Abstract:
The increasing level of O3 pollution in China significantly exacerbates the long-term O3 health damage, and an optimized health-oriented strategy for NOx and VOCs emission abatement is needed. Here, we developed an integrated evaluation and optimization system for the O3 control strategy by merging a response surface model for the O3-related mortality and an optimization module. Applying this system to the Yangtze River Delta (YRD), we evaluated driving factors for mortality changes from 2013 to 2017, quantified spatial and temporal O3-related mortality responses to precursor emission abatement, and optimized a health-oriented control strategy. Results indicate that insufficient NOx emission abatement combined with deficient VOCs control from 2013 to 2017 aggravated O3-related mortality, particularly during spring and autumn. Northern YRD should promote VOCs control due to higher VOC-limited characteristics, whereas fastening NOx emission abatement is more favorable in southern YRD. Moreover, promotion of NOx mitigation in late spring and summer and facilitating VOCs control in spring and autumn could further reduce O3-related mortality by nearly 10% compared to the control strategy without seasonal differences.

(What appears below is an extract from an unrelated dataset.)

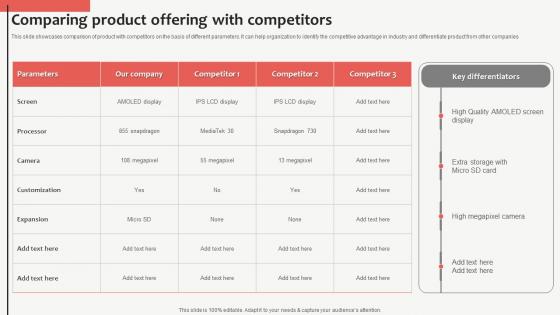 Comparing Product Offering With Competitors Customized Product Strategy For Niche
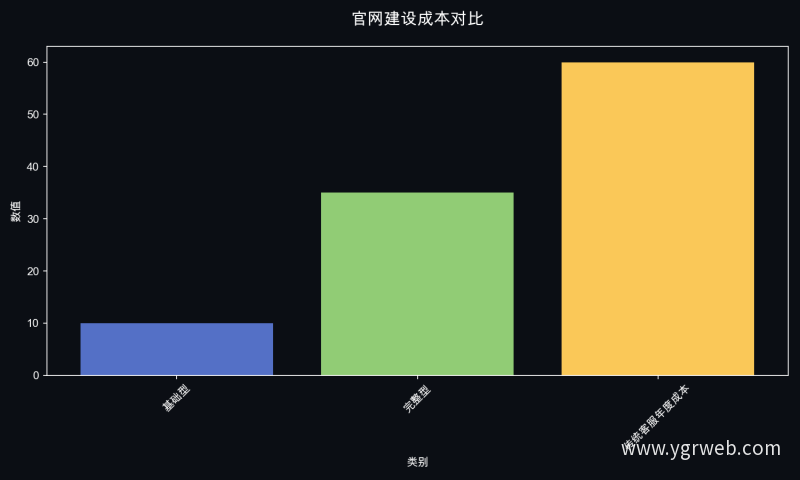 官网建设成本对比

These findings highlight that a spatially and temporally differentiated NOx and VOCs emission control strategy could gain more O3-related health benefits, offering valuable insights to regions with severe ozone pollution all over the world.
摘要:
我国O3污染水平不断上升,显著加剧了O3对健康的长期危害,并且需要针对NOx和VOCs减排的优化健康导向策略。这里,通过合并O3相关死亡率的响应面模型和优化模块,我们开发了O3控制策略的集成评估和优化系统。将该系统应用于长江三角洲(YRD),我们评估了2013年至2017年死亡率变化的驱动因素,量化的时空O3相关死亡率对前体减排的反应,并优化了以健康为导向的控制策略。结果表明,从2013年到2017年,NOx排放减少不足加上VOCs控制不足加剧了与O3相关的死亡率,尤其是在春季和秋季。由于较高的VOC限制特性,北方YRD应促进VOCs控制,而在YRD南部,减少NOx排放更为有利。此外,与无季节差异的控制策略相比,在春季和夏季后期促进NOx减排并在春季和秋季促进VOCs控制可进一步将O3相关死亡率降低近10%。这些发现强调,在空间和时间上区分的NOx和VOCs排放控制策略可以获得更多与O3相关的健康益处,为世界各地臭氧污染严重的地区提供有价值的见解。